We cordially invite anybody to our final GIScience colloquium in this summer term.
Dr. Norman Kerle from ITC
will talk about
Post-disaster damage assessment – combining remote sensing image analysis and crowdsourcing
on Wednesday, Jul 22, 2015, 4:00 pm,
at Hörsaal, Berliner Straße 48, Institute of Geography, Heidelberg University
Following a disaster event a rapid assessment of its consequences is required, as all stakeholders involved in response and recovery activities rely on situational intelligence. Remote sensing technology has become the principal tool for such mapping, and many types of sensing instruments deployed over the last decades have been used for damage mapping. However, while properties of remote sensing such as rapid availability or synoptic coverage remain strong assets, and despite a host of technical advances, the actual task of damage assessment continues to pose substantial challenges.
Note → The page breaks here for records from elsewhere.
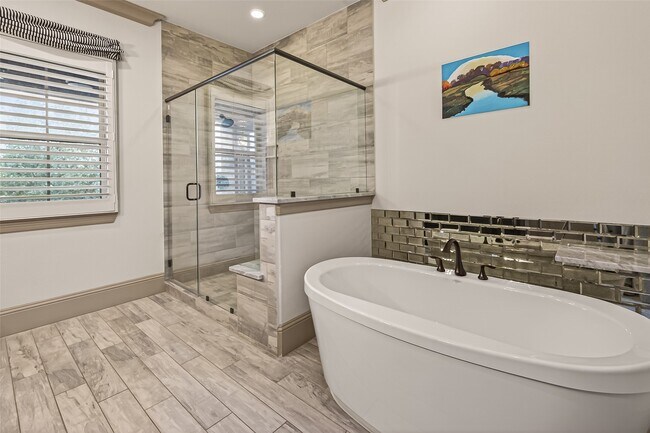 Building Photo - 722 Imperial Blvd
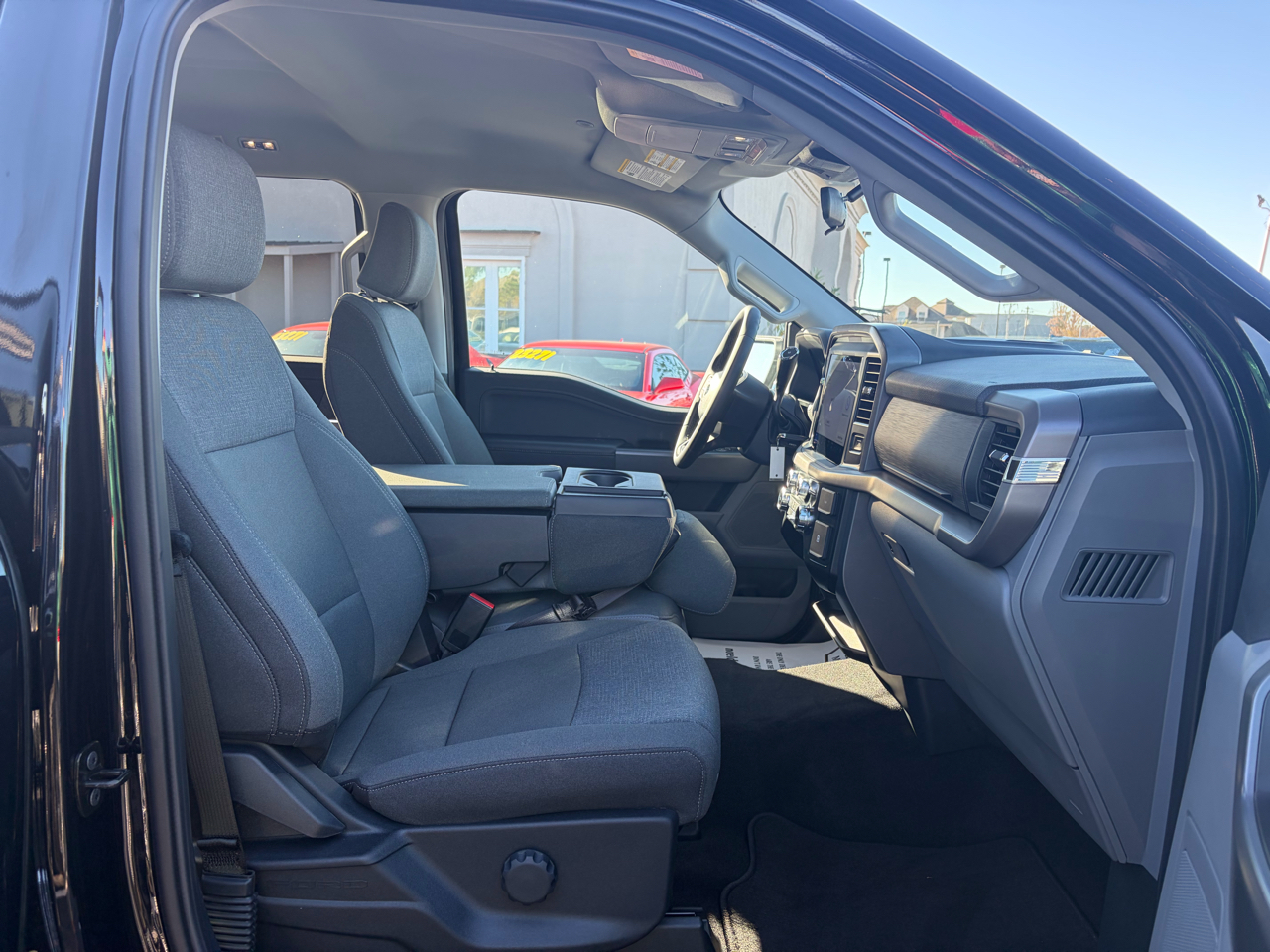 Ford F-150 XLT SuperCrew 6.5-ft Box 4WD 2025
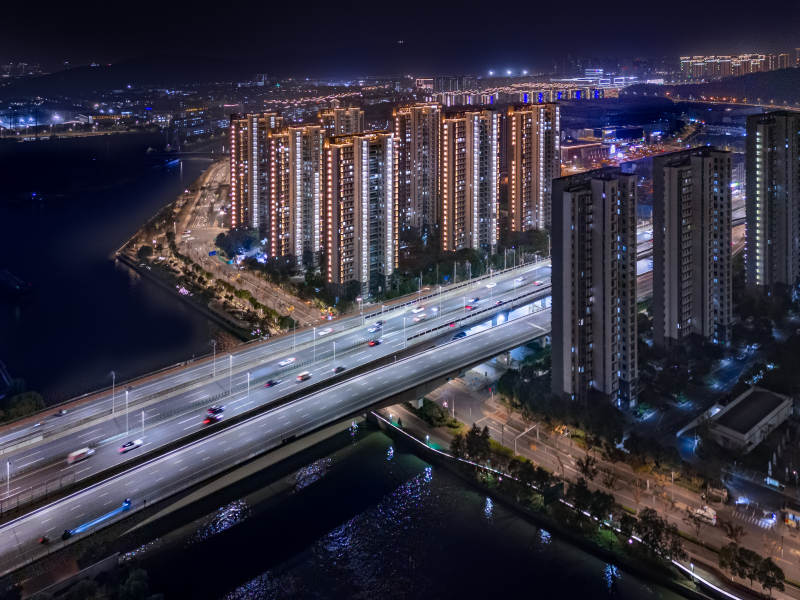 晋源桥下夜景城市灯火辉煌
Those relate to the unique characteristics of individual sensing systems (repeat visit time, incident angle, spatial and spectral image resolution, etc.), but also to the fact that damage is a complex concept with both physical and functional dimensions. In a bid to increase the amount of information that allows a damage assessment beyond obvious rubble piles, increasing use is being made of airborne oblique sensing systems, in particular with the help of unmanned aerial vehicles. The research in our group focuses not on the instrument or engineering side, but rather on image analysis and semantic processing, with object-based image analysis playing an important role. One interesting recent development that is also increasingly influencing the field of damage assessment if crowdsourcing/VGI. This ranges from field-based reporting to collaborative image-based damage mapping. While the potential of such an approach is event, it is far less clear when specifically to make use of volunteers, and how to instruct and engage them.